Biologie Maroc
Génétique I · S4 · Chapitre 8 sur 8

Génétique bactérienne : transformation, conjugaison, transduction

Lecture : 13 min·Rédigé par l'équipe Biologie Maroc·Mis à jour : août 2026

Les bactéries n'ont pas de reproduction sexuée, mais elles échangent du matériel génétique par trois mécanismes de transfert horizontal : la transformation, la conjugaison et la transduction. Ce chapitre décrit chacun d'eux, montre comment ils permettent de cartographier le chromosome bactérien et explique pourquoi ils sont au cœur de la dissémination des résistances aux antibiotiques. Aux examens, on te demande surtout de comparer les trois mécanismes et de raisonner sur un croisement Hfr × F−.

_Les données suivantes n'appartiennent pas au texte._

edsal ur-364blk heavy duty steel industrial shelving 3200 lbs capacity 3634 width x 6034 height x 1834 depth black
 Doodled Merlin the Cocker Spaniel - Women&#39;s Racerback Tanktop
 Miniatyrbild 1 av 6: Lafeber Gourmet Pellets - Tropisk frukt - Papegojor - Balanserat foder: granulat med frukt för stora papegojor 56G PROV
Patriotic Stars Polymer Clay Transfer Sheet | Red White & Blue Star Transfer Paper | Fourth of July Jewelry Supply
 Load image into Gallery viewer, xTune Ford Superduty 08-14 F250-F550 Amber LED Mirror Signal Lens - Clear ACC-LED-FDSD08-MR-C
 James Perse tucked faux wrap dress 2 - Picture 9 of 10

1. Le génome bactérien et les souches mutantes

Le génome d'une bactérie comme Escherichia coli est un chromosome circulaire unique d'ADN double brin, non enfermé dans un noyau, souvent accompagné de plasmides, petites molécules circulaires autonomes portant des gènes accessoires (résistance aux antibiotiques, facteur F). La bactérie est haploïde : toute mutation s'exprime immédiatement, ce qui facilite l'analyse génétique. On distingue les souches prototrophes, capables de croître sur milieu minimum, des souches auxotrophes, mutantes incapables de synthétiser un métabolite essentiel (on note par exemple leu une souche exigeant la leucine), ainsi que les mutants résistants à un antibiotique (strr) ou à un phage. Ces marqueurs, associés à des milieux sélectifs, permettent de repérer des recombinants rares parmi des millions de cellules : c'est le principe de la sélection. L'expérience de Luria et Delbrück (1943) a montré que les mutations bactériennes surviennent spontanément, avant toute exposition à l'agent sélectif.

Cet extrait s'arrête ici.